Extracting dynamic offsets/strides from memref

Thanks for sending the PR, I took a deeper look at the comments on ⚙ D130849 [mlir][memref] Introduce memref.offset and memref.stride ops as well as to the abstraction that @stellaraccident has been iterating on: iree/VMVXOps.td at main · iree-org/iree · GitHub.

There is one aspect that happens at the LLVM level today that I do not see a clear path on: inserting and extracting in and out of the llvm.struct that represents the descriptor provides a structuring type that does not exist outside of the LLVM dialect.

Our objective is to get rid of that descriptor ourselves by folding it away before LLVM, for a bunch of different reasons, in particular because LLVM is not the one true thing that everyone wants to lower out to (e.g. SPIR-V, libxsmm etc).

My current analysis of the possibilities is:

  • memref.dim, memref.stride, memref.offset, memref.reinterpret_cast to create a new descriptor, some other memref abstraction to extract the base memref<T> (i.e. where ⚙ D130849 [mlir][memref] Introduce memref.offset and memref.stride ops seems like it will evolve)
  • a single memref.descriptor op that returns a 4-element result like @stellaraccident has.
  • adding a hypothetical memref_descriptor type specifically for this purpose.
  • adding hypothetical struct type that at a higher level of abstraction than LLVM with its own insert / extract.

Of the 4, the struct seems appealing in practice and would be useful for other ongoing work.

However the struct type is likely overkill atm because we don’t need multiple levels of type nesting since the descriptor is flat (not truly flat but it can be represented with 4 results and indexing with %sizes#0, %strides#1, etc…).

The multi-op aspect seems overkill too and asymmetrical and I think manipulating the following IR is going to be more beneficial for the purpose we are after right now.

// (New): Extract descriptor-related information.
%base, %offset, %sizes:2, %strides:2 = memref.descriptor %m: memref<?x?xT>

// (Existing): Construct a new memref from descriptor pieces.
%m = memref.reinterpret_cast %base to offset:[%offset] sizes: [%sizes#0, %sizes1] strides: [%strides0, %strides1]: memref<?x?xT> to memref<?x?, offset: ?, strides : [?, ?]>

I do not have a strong opinion on whether we need a specific memref_descriptor type to hide away the multi-result, I suspect it may be unnecessary.

As it stands I think I’d prefer to see @stellaraccident’s abstraction be ported to MLIR.

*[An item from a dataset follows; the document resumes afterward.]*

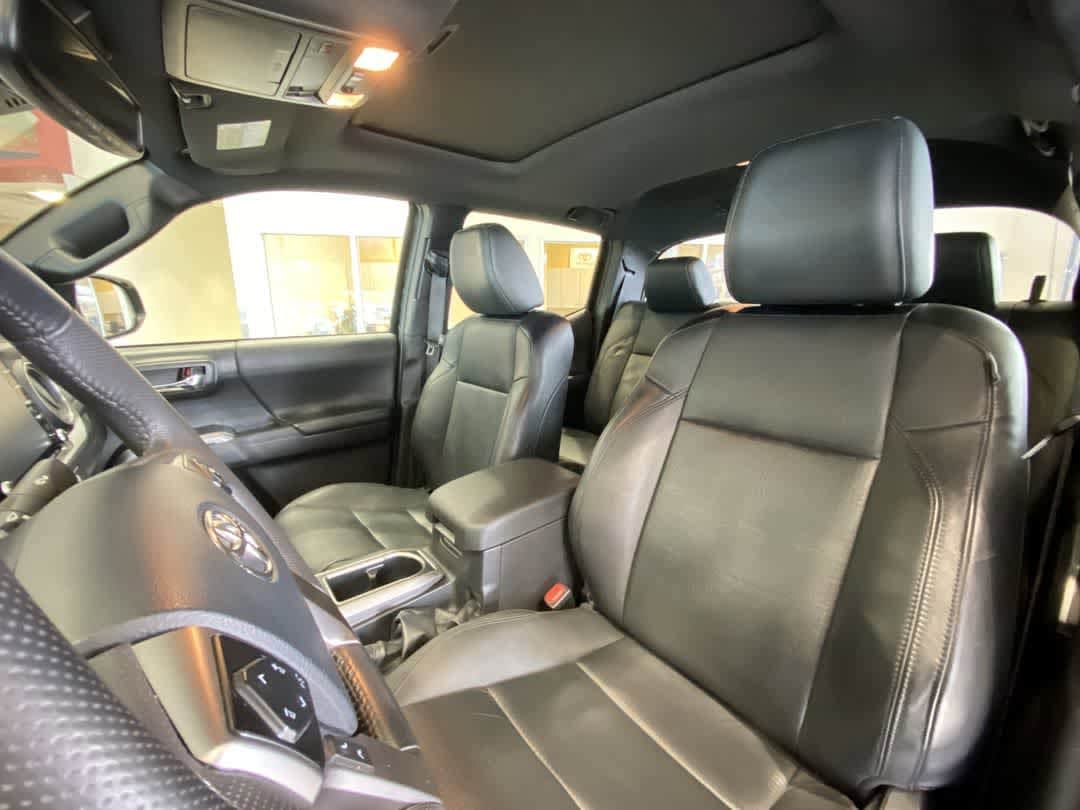 Thumbnail: 2023 Toyota Tacoma - 14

One potential drawback would be that it is overkill to extract all %base, %offset, %sizes:2, %strides:2 if we only need to manipulate say %strides#0 but I don’t think this is really a concern in practice for now.

The size is definitely used in a bunch of other places in codegen and memref.dim continues to make sense but we still want to discourage accessing and manipulating individual strides / offsets outside of structured memref.reshape, memref.subview ops and friends.

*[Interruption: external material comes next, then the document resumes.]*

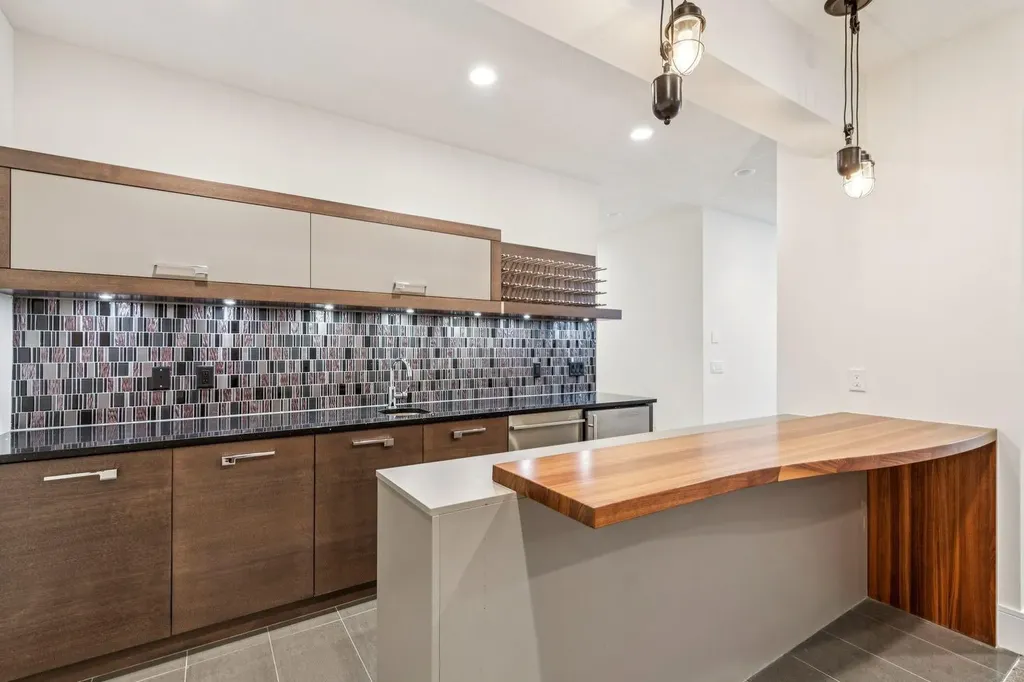 2221 7 Avenue NW Calgary AB T2N 0X9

To that effect, having a single op to get the descriptor seems more appealing.
It would also be clear that wherever we see a non-strided memref, the descriptor does not exist and verification errors ensue.

It seems less intuitive to see a verification error on:

%0 = memref.stride %m, %c0 : some_memref_type_that_is_not_a_strided_memref

@ftynse in case he has a different reading / sensibility than me on this topic.